Introduction

Extra virgin olive oil is the healthiest and most sought-after of all the categories of olive oil, and it fetches higher prices than other kinds of seed and nut oils. Extra virgin olive oil is a virgin olive oil which has free acidity, expressed as oleic acid, of no more than 0.8 g per 100 g, and whose other characteristics correspond to those fixed for the category in the IOC standard. Extra virgin olive oil does not undergo any refining process. Refined olive oil is the olive oil obtained from virgin olive oils by refining methods which do not lead to alterations in the initial glyceridic structure. It has free acidity, expressed as oleic acid, of no more than 0.3 g per 100 g and its other characteristics correspond to those fixed for this category in the IOC standard. This kind of olive oil may only be sold directly to the consumer if permitted in a country of retail sale [1].

Adulteration of extra virgin olive oil undermines the confidence of consumers and decreases the profits of honest producers. Therefore, it is one of the main issues for the olive oil industry and thus arises a need for analytical techniques to control the quality and authenticity of virgin olive oils. Several instrumental techniques to classify, authenticate, and control the quality of olive oils have been developed, for example, GC [2, 3], HPLC [4, 5], NMR [6, 7], NIR [9], MIR [9], FTIR spectroscopy [10, 11], Raman spectroscopy [11], fluorescence spectroscopy [12,13,14], UV-IMS [15], LIBS [16], microwave reflectometry [17], and Vis [18]. Most of these instrumental techniques require harmful reagents or expensive equipment with large operational and maintenance costs. In this context, fluorescence spectrometry is a simpler and less costly alternative. This technique has been successfully applied for the classification of honeys [19], coffees [20] oils [21], wines [22], beers [23], cereal products [24] as well for freshness estimation of such food products as fish, meat, eggs, olive oil, and rapeseed oil [25, 26].

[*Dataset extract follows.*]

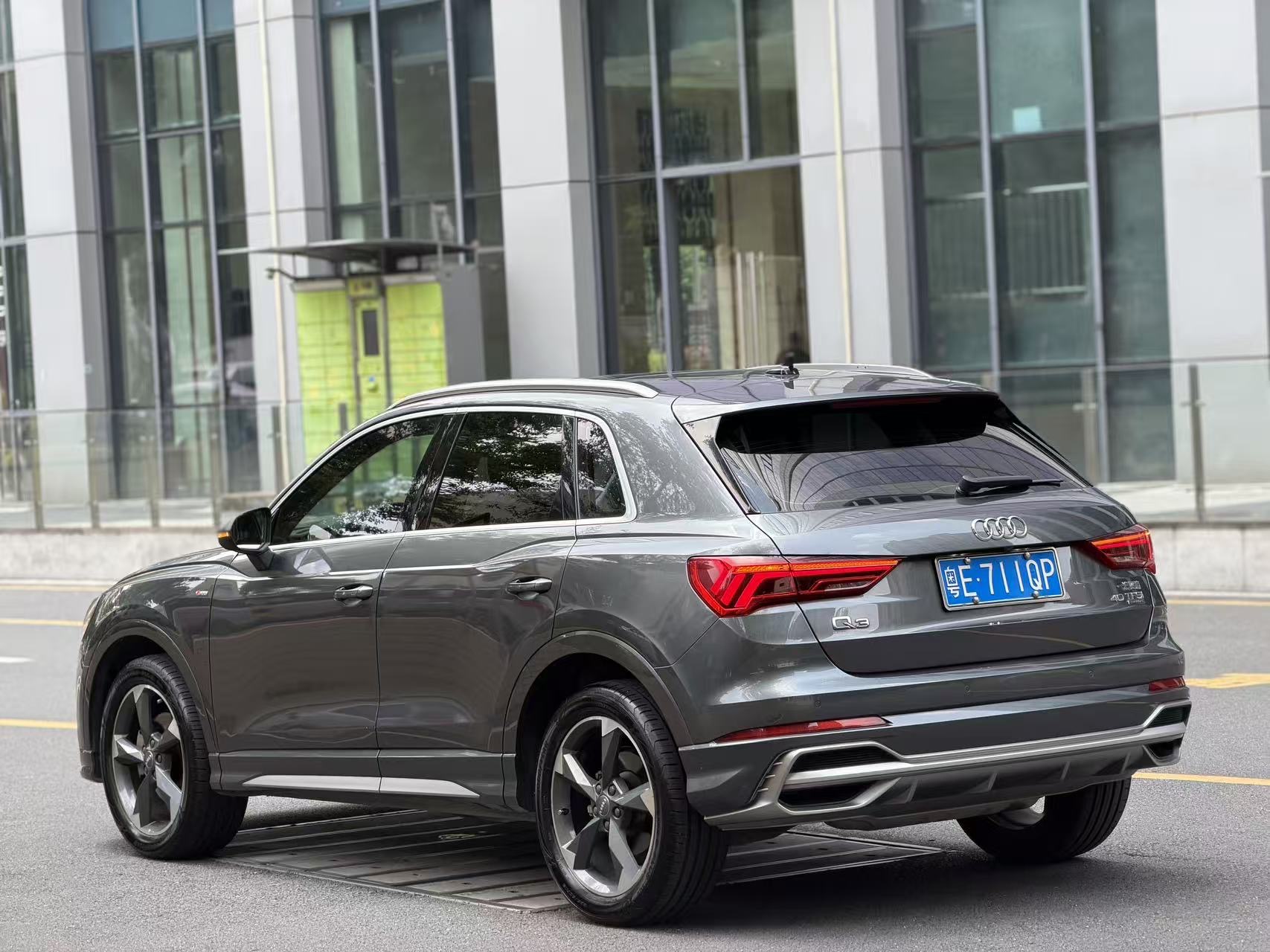 Audi Q3 2020 car image #8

Various statistical methods can be used for classification purposes, such as linear discriminant analysis (LDA) [20, 21], quadratic discriminant analysis (QDA) [27], regularized discriminant analysis (RDA), k-nearest neighbors (KNN) [21], support vector machine (SVM) [28], or random forest (RF) [29]. In discriminant analysis, spectra are assigned to definite classes, so that qualitative information complements quantitative spectral data. If the samples are numerous enough, they may be divided into two sets: a training set to construct the classification method (calibration stage) and a testing set to validate it (validation stage). The purpose of the classification method is to obtain weighted combinations of data that minimize variances within classes and maximize variances between classes. Then, the classification rules are used to assign new or unknown samples to the most probable subclasses. Prior to discriminant analysis, principal component analysis is often applied to spectral data sets to reduce data set size and co-linearity. The validity of a classification method can be verified by a comparison of distances or testing.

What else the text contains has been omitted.